04.03.2021 - 17:18 | Son Güncellenme:
33 bin hektarlık alanı kaplayan bu milli parkın kuruluş yılı 1973'e dayanıyor. Eceabat ilçesinin hemen tamamını kapsadığını rahatlıkla söyleyebileceğimiz Gelibolu Yarımadası Tarihi Milli Parkı, piknik ve dinlenmeye açık olarak hizmet sunuyor. Ayrıca Çadır veya Karavan Konaklamaları düşünceniz varsa yine Gelibolu Yarımadası Tarihi Milli Parkında bunu gerçekleştirebilirsiniz.
1.Dünya Savaşının yaşanmış olduğu 1915 yılında, muharebede hayatını kaybetmiş olan askerlerimizin anısına yapılan bu anıt, 1960 yılından bu yana hizmete açılmış durumda. Feridun Kip, İsmail Kurt ve Doğan Erginbaş tarafından yapılmış olan bu nadide eser, uzaktan bakıldığı zaman Mehmetçiğin M harfini andırıyor.
1890 yılında inşa edilmiş olan Aynalı Çarşı, halkımız tarafından daha çok Çanakkale Türküsü sayesinde biliniyor. Geçmiş dönemlerde sadece beygir eşyalarının satıldığı bu yer, ismini beygirlere ait olan ayna (gözlükten) alıyor. Günümüzde ise Çanakkale yöresinin kendine has eşyalarının satıldığı çarşıya dönüşmüş durumda.
Varlığı 3500 sene öncesine kadar uzanan, Odysseia ve İlyada destanlarının yazarı olan Homeros'a ilham kaynağı olan Truva Antik Kent, tarihin en gizemli mekanlarından birisidir. Dünya Kültür Mirasları listesinde de bulunan Truva Antik Kenti'ne aynı zamanda Troia Bölgesi denilebiliyor.
Mustafa Kemal Atatürk'ün cebindeki saat sayesinde ölümden döndüğü Conkbayırı Muharebesinin yapıldığı yer olan Conkbayırı, mutlaka görülmesi gereken mekanlardan birisi. Çanakkale'ye gelmişken bu tarihi alanı ziyaret ederek, tarihin tüm dönemlerine şahitlik etme fırsatına erişebilirsiniz.
Kelime anlamı olarak deniz kilidi olan Kilitbahir, Fatih Sultan Mehmet'in yaptırmış olduğu bir kaleye ev sahipliği yapıyor.
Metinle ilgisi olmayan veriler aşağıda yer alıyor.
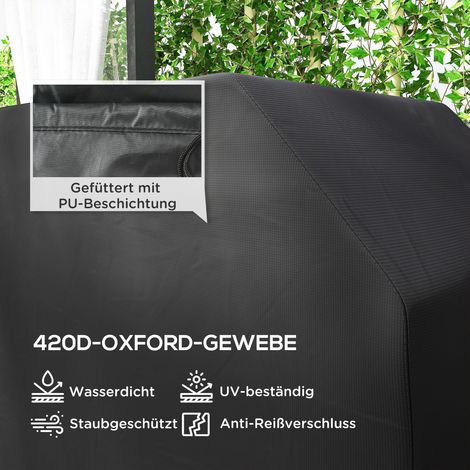 Funda para barbacoa, funda impermeable para parrilla de gas con cierres de velcro, tela Oxford, negra, 147 x 61 x 120 cm (1/4)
O dönemden bu yana hiç zarar görmeden ayakta kalmayı başarmış olması da ayrı bir detay olarak incelenebilir. Gelibolu Yarımadası'nda bulunan ve rahatlıkla gezilebilen bu tarihi yeri, Çanakkale gezisi listenizin ilk sıralarında mutlaka yer vermelisiniz.
Ayvacık ilçesinin Behramkale Köyü'nde yer alan bu antik kent, Lidyalılar, Persler, Pergamonlar ve Romalılara ev sahipliği yapmış olma özelliğine sahiptir. Milattan Önce 900'de inşa edilen Assos Antik Kentinin tepe bölgesinde, Athena Tapınağının izleri görülebiliyor. Listenizin en başlarına eklemeniz gereken yerler arasında bulunan Assos Antik Kentinin gizemli sırlarına erişebilirsiniz.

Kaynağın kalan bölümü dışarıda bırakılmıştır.